(Crawled caption data)
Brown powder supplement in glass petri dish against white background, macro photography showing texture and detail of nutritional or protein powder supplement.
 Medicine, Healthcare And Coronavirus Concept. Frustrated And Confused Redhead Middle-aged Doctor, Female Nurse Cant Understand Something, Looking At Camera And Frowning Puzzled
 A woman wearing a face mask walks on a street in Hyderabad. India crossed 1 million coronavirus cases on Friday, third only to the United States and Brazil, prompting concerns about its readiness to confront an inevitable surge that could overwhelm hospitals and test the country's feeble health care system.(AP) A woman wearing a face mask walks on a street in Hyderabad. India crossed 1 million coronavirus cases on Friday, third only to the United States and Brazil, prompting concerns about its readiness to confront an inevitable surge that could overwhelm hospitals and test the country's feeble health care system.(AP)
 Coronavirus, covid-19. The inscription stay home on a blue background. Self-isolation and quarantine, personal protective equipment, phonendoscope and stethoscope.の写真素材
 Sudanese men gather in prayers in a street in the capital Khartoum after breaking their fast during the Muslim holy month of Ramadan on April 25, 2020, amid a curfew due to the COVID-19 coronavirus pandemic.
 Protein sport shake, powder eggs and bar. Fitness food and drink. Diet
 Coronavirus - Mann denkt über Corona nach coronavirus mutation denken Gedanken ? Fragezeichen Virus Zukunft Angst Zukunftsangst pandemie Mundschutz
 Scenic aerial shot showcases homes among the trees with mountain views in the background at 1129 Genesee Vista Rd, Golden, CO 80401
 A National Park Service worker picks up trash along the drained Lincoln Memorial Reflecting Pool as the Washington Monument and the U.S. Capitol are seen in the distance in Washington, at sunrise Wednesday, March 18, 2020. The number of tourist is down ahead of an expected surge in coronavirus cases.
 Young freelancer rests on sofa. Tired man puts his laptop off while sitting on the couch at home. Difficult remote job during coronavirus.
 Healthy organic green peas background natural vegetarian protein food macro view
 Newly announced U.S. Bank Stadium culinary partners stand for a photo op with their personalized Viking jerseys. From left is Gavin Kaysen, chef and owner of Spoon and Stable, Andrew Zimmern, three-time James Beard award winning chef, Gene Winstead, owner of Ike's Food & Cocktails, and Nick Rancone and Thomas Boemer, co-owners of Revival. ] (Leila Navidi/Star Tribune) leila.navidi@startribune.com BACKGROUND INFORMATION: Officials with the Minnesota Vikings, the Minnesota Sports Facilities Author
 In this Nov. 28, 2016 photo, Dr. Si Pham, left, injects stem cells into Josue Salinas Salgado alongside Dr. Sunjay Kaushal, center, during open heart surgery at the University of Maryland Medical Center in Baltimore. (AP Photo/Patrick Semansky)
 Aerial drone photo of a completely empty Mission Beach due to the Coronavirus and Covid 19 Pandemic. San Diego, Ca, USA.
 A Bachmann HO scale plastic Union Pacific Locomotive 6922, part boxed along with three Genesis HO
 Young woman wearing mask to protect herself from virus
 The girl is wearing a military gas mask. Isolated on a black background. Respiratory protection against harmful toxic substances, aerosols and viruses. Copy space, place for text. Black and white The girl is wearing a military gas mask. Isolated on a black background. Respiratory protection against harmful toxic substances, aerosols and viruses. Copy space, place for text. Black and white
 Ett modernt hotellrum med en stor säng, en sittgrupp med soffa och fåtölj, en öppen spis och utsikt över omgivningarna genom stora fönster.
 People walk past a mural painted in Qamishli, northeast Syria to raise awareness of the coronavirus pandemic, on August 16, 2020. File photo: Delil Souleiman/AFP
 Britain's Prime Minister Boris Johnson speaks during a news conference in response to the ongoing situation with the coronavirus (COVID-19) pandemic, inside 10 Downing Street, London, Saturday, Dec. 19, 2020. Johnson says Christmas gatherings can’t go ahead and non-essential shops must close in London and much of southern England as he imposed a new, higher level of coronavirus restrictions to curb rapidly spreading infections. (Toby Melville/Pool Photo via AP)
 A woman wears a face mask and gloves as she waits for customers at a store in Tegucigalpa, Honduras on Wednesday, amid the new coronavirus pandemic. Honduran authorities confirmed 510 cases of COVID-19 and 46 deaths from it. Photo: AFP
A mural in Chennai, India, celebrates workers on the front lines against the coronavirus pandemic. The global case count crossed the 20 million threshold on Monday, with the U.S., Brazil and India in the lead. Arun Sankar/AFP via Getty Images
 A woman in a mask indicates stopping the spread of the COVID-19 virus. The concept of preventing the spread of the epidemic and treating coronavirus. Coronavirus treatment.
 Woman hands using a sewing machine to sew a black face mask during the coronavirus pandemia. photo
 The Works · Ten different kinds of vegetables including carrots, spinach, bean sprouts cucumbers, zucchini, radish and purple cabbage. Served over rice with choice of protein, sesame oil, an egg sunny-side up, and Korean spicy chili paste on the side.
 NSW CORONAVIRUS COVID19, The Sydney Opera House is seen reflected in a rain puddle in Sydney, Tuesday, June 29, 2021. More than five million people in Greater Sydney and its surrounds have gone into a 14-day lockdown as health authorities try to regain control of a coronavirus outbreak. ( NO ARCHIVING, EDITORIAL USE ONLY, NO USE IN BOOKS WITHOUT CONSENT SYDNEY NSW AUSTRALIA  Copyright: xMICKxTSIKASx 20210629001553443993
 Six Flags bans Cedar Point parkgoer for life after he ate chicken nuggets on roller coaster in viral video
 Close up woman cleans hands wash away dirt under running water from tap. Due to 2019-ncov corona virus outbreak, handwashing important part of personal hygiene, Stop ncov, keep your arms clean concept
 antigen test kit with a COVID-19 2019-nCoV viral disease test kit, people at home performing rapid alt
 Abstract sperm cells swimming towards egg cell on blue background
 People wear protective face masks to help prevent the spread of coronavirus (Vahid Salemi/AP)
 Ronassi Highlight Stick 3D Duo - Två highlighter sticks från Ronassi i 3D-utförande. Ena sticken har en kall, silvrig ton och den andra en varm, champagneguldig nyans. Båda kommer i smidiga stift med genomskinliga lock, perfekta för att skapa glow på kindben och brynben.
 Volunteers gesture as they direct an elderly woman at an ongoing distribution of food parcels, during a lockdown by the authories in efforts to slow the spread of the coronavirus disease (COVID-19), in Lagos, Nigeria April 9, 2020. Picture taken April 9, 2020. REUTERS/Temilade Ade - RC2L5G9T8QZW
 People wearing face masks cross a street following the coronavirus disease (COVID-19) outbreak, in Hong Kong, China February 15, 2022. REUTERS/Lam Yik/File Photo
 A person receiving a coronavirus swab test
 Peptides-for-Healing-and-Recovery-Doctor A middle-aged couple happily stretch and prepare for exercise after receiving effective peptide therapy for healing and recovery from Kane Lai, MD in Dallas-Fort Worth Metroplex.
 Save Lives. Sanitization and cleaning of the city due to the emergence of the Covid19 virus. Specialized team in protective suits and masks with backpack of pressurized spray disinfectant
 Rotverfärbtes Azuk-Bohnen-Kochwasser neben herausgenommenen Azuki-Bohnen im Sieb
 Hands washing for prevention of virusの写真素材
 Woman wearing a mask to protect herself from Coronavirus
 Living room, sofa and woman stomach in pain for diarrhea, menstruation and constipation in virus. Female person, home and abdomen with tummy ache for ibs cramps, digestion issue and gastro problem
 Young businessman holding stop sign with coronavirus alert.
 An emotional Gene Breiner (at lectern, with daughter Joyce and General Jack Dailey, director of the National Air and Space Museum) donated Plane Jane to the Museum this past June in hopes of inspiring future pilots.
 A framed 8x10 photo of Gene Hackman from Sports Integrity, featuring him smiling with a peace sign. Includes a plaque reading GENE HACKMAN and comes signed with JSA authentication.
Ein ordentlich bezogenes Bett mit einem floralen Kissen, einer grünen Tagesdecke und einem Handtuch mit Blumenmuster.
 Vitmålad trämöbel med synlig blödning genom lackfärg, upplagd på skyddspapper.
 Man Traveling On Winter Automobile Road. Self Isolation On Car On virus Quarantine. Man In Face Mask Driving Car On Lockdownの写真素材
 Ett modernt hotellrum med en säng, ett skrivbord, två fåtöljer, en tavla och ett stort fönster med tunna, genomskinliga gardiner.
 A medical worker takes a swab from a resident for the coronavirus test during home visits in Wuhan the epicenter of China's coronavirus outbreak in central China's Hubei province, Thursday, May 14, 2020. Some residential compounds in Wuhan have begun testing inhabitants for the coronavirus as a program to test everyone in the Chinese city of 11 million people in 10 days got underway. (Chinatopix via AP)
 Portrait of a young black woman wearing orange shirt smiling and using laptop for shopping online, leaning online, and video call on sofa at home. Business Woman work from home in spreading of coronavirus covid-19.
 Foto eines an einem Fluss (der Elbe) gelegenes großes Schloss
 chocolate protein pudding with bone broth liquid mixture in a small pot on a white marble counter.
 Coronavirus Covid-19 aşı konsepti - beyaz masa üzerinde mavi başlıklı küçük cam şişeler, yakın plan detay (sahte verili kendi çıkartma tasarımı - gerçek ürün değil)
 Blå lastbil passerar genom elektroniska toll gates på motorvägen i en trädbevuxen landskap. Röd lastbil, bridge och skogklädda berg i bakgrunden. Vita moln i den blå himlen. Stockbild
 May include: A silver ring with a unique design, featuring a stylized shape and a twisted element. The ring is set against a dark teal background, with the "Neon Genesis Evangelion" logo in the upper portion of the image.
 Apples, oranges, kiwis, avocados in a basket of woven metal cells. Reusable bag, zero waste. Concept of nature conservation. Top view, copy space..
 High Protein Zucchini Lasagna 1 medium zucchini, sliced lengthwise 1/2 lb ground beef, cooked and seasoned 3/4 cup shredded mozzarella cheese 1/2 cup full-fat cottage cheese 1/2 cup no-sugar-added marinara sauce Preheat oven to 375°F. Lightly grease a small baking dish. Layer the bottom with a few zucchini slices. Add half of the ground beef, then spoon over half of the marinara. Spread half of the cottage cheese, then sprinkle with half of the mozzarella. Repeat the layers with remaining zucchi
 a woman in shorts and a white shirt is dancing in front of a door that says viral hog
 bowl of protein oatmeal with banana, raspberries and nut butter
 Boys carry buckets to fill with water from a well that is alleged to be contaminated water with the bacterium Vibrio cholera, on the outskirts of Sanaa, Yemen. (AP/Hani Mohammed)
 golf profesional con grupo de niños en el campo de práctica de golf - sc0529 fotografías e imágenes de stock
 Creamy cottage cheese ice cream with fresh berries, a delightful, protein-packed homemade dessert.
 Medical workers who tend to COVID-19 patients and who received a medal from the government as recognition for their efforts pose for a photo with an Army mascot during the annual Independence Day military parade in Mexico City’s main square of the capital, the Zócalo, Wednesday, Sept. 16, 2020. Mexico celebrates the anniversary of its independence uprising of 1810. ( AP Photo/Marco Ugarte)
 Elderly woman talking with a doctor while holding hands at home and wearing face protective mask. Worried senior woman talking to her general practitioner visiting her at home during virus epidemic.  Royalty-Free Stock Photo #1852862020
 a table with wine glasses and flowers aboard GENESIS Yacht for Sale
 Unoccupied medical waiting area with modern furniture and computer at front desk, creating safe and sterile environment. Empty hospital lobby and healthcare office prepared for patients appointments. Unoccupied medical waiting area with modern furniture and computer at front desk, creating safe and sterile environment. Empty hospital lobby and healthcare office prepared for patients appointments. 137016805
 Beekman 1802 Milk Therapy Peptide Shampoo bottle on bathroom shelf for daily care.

• TRY IT:
Could you reproduce, exactly, every line above from the line with "Vitmålad trämöbel med" to the line with "Foto eines an", and no other line? Both ends count.

• ANSWER FOR THIS EXERCISE:
 Vitmålad trämöbel med synlig blödning genom lackfärg, upplagd på skyddspapper.
 Man Traveling On Winter Automobile Road. Self Isolation On Car On virus Quarantine. Man In Face Mask Driving Car On Lockdownの写真素材
 Ett modernt hotellrum med en säng, ett skrivbord, två fåtöljer, en tavla och ett stort fönster med tunna, genomskinliga gardiner.
 A medical worker takes a swab from a resident for the coronavirus test during home visits in Wuhan the epicenter of China's coronavirus outbreak in central China's Hubei province, Thursday, May 14, 2020. Some residential compounds in Wuhan have begun testing inhabitants for the coronavirus as a program to test everyone in the Chinese city of 11 million people in 10 days got underway. (Chinatopix via AP)
 Portrait of a young black woman wearing orange shirt smiling and using laptop for shopping online, leaning online, and video call on sofa at home. Business Woman work from home in spreading of coronavirus covid-19.
 Foto eines an einem Fluss (der Elbe) gelegenes großes Schloss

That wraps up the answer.